--- TASK ---
Scan the records below, and wherever a line has the word "Picture", pull it out.

****************

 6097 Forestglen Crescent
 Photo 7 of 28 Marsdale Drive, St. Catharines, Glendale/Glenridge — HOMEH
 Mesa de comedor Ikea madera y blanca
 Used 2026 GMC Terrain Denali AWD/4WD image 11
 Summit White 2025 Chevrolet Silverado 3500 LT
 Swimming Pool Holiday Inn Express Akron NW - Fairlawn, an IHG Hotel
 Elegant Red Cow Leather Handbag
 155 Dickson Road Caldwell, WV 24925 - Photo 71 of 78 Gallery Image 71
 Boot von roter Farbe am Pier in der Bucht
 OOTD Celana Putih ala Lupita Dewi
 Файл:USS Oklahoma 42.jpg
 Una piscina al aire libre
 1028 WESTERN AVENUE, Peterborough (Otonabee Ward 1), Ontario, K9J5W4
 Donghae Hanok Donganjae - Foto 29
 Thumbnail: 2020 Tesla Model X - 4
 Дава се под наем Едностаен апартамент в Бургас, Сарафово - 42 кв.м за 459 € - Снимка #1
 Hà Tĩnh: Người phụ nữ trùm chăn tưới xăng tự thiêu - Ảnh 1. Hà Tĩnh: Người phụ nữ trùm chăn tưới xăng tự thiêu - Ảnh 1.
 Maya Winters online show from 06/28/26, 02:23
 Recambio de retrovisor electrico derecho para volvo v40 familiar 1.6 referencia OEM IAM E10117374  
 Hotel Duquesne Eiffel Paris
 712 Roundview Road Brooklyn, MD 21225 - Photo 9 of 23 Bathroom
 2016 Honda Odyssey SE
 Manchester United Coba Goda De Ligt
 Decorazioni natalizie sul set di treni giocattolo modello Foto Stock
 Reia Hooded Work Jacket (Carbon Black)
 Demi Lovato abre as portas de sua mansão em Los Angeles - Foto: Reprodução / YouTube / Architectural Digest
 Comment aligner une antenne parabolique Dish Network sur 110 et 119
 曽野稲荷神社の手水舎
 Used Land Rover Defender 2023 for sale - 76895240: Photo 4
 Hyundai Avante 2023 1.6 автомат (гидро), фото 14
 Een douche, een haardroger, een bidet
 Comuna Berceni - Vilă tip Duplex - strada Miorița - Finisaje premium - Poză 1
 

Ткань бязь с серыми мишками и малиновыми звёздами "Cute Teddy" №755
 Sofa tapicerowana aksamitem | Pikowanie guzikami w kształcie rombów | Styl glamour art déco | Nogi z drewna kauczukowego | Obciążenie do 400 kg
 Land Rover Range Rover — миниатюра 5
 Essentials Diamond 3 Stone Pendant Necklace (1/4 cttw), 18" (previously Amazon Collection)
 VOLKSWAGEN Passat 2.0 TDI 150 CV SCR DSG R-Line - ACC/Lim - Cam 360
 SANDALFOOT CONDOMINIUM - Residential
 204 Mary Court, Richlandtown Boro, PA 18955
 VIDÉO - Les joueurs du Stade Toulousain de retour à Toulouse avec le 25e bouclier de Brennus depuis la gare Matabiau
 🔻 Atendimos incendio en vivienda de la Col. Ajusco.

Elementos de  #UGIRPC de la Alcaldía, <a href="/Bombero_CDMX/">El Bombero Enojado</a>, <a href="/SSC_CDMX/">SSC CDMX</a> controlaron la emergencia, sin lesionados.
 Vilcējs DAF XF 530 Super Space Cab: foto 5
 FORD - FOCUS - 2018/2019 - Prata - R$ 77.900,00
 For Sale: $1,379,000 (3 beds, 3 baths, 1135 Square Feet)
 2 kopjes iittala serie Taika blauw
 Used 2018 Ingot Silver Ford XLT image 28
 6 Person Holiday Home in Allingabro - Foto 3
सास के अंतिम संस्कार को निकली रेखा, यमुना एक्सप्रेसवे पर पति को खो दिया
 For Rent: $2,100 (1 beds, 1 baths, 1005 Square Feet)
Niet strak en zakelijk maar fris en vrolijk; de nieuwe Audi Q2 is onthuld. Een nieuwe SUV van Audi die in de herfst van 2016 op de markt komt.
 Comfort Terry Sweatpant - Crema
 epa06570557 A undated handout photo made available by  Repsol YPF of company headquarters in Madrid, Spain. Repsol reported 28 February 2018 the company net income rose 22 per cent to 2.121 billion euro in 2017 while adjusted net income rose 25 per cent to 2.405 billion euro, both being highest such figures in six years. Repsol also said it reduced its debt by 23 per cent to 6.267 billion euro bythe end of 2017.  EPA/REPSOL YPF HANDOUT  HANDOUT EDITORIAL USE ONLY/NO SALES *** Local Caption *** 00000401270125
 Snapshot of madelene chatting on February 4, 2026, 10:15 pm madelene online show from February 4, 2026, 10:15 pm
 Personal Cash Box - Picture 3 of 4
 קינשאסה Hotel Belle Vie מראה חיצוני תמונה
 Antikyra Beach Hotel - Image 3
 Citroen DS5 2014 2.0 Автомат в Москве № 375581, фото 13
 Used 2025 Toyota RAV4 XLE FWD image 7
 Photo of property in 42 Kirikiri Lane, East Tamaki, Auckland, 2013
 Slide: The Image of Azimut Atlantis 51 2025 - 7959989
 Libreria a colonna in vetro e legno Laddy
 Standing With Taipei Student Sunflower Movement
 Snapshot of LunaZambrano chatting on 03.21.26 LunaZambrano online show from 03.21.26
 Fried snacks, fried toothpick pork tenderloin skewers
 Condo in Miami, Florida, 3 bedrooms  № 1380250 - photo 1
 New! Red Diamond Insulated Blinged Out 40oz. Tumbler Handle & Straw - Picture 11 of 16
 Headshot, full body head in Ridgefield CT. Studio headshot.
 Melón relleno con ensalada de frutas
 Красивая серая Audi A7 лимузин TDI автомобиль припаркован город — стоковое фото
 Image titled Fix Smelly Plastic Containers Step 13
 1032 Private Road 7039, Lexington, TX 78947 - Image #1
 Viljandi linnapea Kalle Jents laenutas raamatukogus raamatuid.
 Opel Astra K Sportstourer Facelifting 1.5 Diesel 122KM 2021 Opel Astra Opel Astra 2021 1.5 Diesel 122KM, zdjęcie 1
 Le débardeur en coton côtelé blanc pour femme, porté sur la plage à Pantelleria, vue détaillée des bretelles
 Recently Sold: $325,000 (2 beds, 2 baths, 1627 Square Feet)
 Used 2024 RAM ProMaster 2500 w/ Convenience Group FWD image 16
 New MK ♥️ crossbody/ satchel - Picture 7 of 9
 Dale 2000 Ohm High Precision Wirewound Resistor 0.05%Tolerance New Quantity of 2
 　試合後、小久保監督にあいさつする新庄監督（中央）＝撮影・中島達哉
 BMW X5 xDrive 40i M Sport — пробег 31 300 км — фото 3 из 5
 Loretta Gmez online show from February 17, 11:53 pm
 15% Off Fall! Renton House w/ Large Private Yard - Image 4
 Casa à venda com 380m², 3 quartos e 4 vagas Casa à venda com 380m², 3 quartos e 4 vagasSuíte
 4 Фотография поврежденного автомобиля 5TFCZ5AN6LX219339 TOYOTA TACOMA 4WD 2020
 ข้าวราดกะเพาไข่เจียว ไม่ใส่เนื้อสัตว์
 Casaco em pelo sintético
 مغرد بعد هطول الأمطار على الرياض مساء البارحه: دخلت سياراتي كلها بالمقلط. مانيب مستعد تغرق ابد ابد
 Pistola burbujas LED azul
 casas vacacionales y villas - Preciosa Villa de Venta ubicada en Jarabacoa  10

****************

--- RESPONSE FOR THIS EXERCISE ---
 Personal Cash Box - Picture 3 of 4
 New! Red Diamond Insulated Blinged Out 40oz. Tumbler Handle & Straw - Picture 11 of 16
 New MK ♥️ crossbody/ satchel - Picture 7 of 9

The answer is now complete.